Ancien combattant marocain
Né en 1929
Engagé en 1951
Arrivé en France en 2000
Décédé en 2010
Dans le cadre de la collecte de témoignages oraux auprès des anciens combattants marocains, un entretien avec M. Mohat Belamri a été enregistré le 1er avril 2009 au café Rizana, place Saint-Michel à Bordeaux. Vous trouverez un résumé synthétique de cet entretien sur cette page, ainsi qu’une retranscription intégrale de cette interview en cliquant sur bouton ci-dessous.
JOËL GUTTMAN – On va commencer par parler de la période avant votre engagement militaire. Quand et où êtes-vous né ?
MOHAT BELAMRI – Je suis né en 1929 à Khémisset. Avant, je travaillais dans l’agriculture en tant que paysan. Après je me suis engagé dans l’armée française et j’ai fait la guerre du Vietnam, puis après je suis revenu au Maroc.

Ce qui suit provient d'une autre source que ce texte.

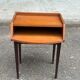 Mid-Century Scandinavian bedside table in teak 1960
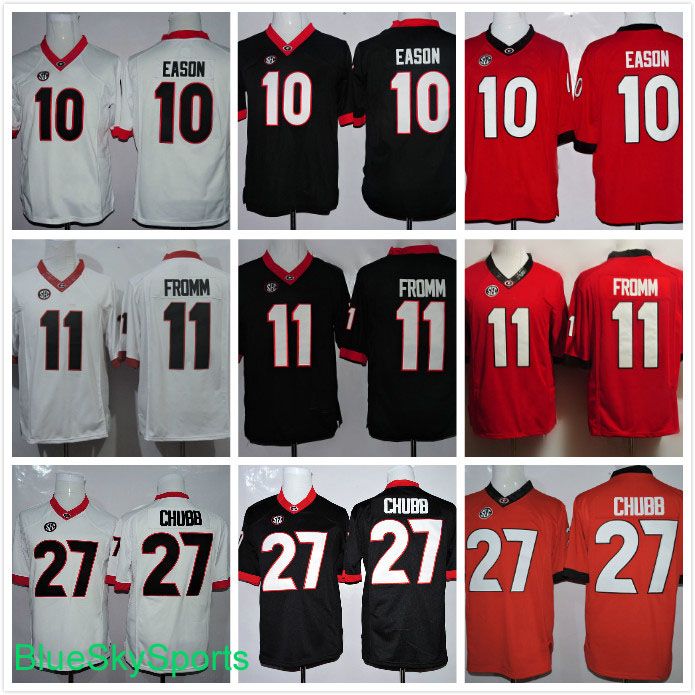 nick chubb black jersey nick chubb black jersey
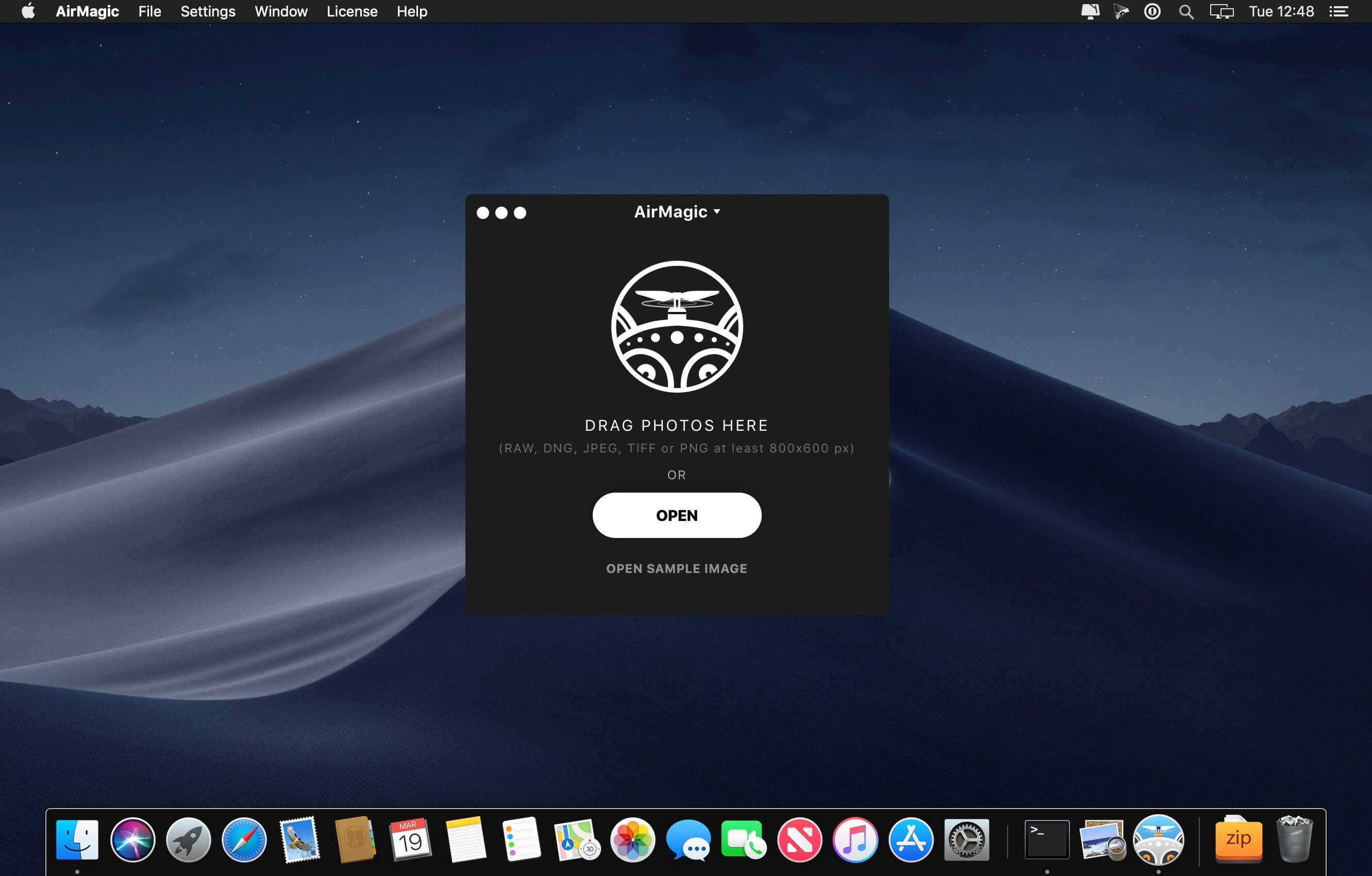 airmagic_01 AirMagic – Giúp ảnh chụp bằng máy Drone đẹp hơn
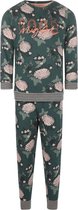 Charlie Choe pyjama meisjes - groen - F-41019-41 - maat 170/176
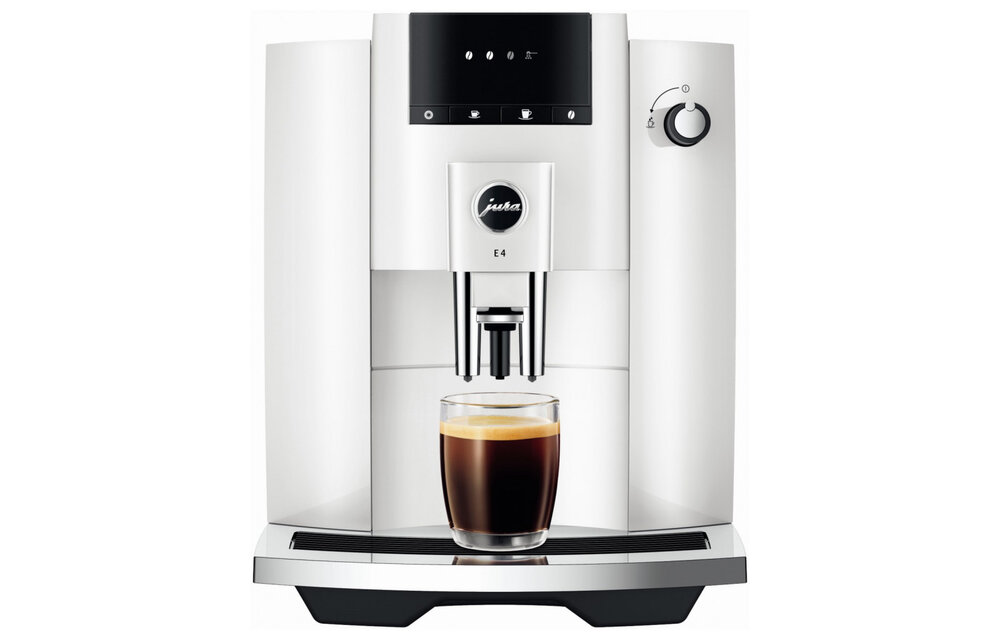 JURA E4 Piano White - Koffiemachine
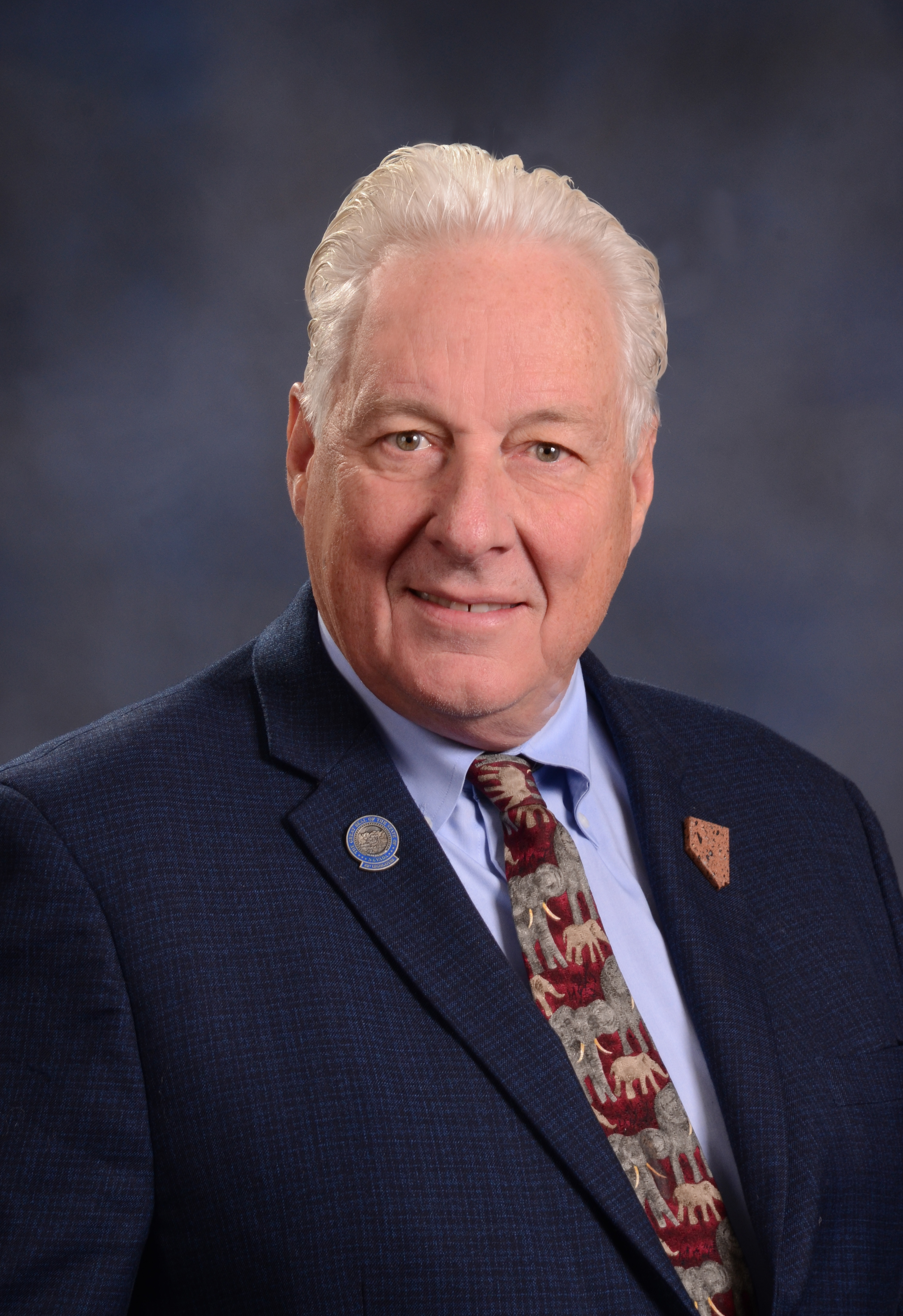 Portrait of Rich DeLong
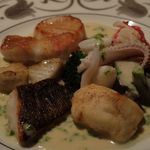 アピシウス - 圧巻！魚介類のメリメロ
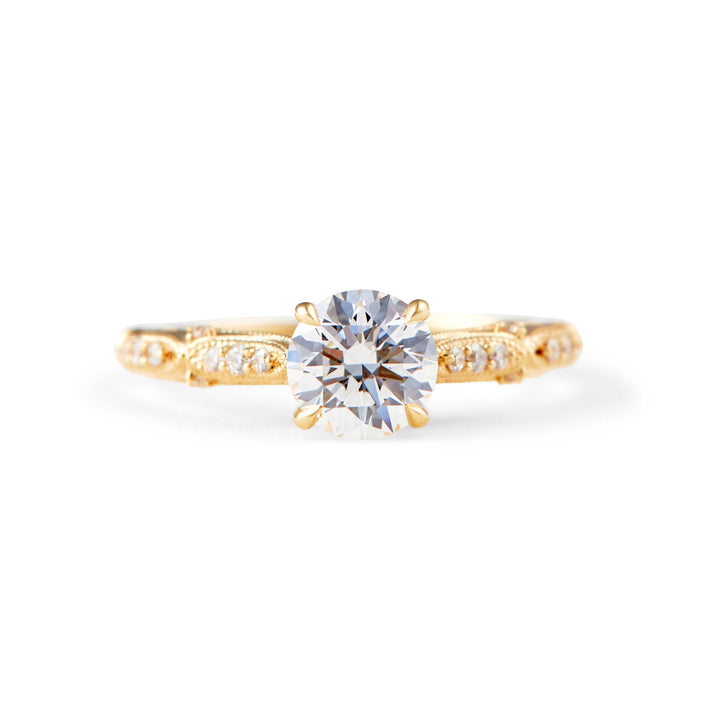 Genevieve Diamond Engagement Ring - Identity Diamonds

Comment s’est déroulé votre engagement ? Comment en avez-vous entendu parler ?
Il y avait un crieur qui venait sur le marché et qui recrutait les gens. Et je me suis engagé ! Après j’ai passé deux ans à Meknès et après, on a embarqué depuis Alger pour le Vietnam. Je ne me rappelle pas de la date exacte de mon engagement. Tout ce que je me rappelle c’est que c’était en 1951, pendant la fête de Mouloud (qui correspond à l’anniversaire de la naissance du prophète Mohamed).
Je me suis engagé comme ça… Je travaillais avec mon père à l’époque, puis je suis parti. Ensuite je suis parti au Vietnam. J’y suis resté quatre ans. Je suis ensuite retourné à Meknès, à cause de ma blessure, j’ai été réformé. Cette blessure, je l’ai eu pendant la guerre. Une bataille a duré toute la nuit, six heures ! C’est là que je me suis blessé, c’était dur. J’étais un simple soldat, c’était dangereux et vraiment dur !

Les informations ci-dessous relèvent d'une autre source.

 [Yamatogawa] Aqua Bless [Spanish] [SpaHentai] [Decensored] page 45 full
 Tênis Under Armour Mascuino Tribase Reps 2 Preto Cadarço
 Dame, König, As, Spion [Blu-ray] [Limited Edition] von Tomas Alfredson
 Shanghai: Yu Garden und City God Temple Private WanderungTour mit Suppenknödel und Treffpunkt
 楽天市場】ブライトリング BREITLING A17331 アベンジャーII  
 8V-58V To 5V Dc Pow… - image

Il n’y avait que des tirailleurs marocains. Pas de Français ou d’autres, que des tirailleurs marocains.
À quelles grandes opérations vous avez participé ?
J’étais au Vietnam et on a subi une grande attaque qui a duré pendant six heures, toute la nuit. C’est pendant cette attaque que j’ai été blessé… J’ai reçu une médaille de corps d’armée, la croix de guerre et ensuite j’ai été réformé et je suis rentré à Meknès. C’est la seule guerre à laquelle j’ai participé. La guerre du Vietnam, entre 1951 et 1956. J’ai été rapatrié de Hanoï à Paris, en 1952, et de Paris à Casablanca, puis après de Casablanca à Meknès. C’est à ce moment-là que je me suis fait réformer en tant que « blessé de guerre ».
Quelles étaient vos relations avec les autres soldats ? Dans votre compagnie, vous n’étiez qu’avec des Marocains ou il y avait d’autres nationalités ?
Il n’y avait que des tirailleurs marocains. Pas de Français ou d’autres, que des tirailleurs marocains. Chaque compagnie était à part.
Après avoir été réformé, qu’avez-vous fait ?
J’étais réformé ensuite j’ai travaillé dans la fonction publique, j’étais ambulancier, sur l’Atlas, jusqu’à la retraite. Ce n’était pas très bien payé. C’est l’État qui m’y a affecté. Et j’ai maintenant une décoration royale marocaine.
AZIZ JOUHADI – Comment se déroule votre vie en France ? Comment se passe vos journées ?
Nous, on leur a pacifié le pays, les Allemands sont allés jusqu’ici… mais eux ne s’occupe pas bien de nous ! Eux… la France… Ils ne veulent pas nous aider malgré que nous ayons combattu pour eux, pour leur indépendance… Nous sommes toujours en combat pour nos droits.
JOËL GUTTMAN – Quant à vos relations avec les gens, la population française, y a-t-il un problème ?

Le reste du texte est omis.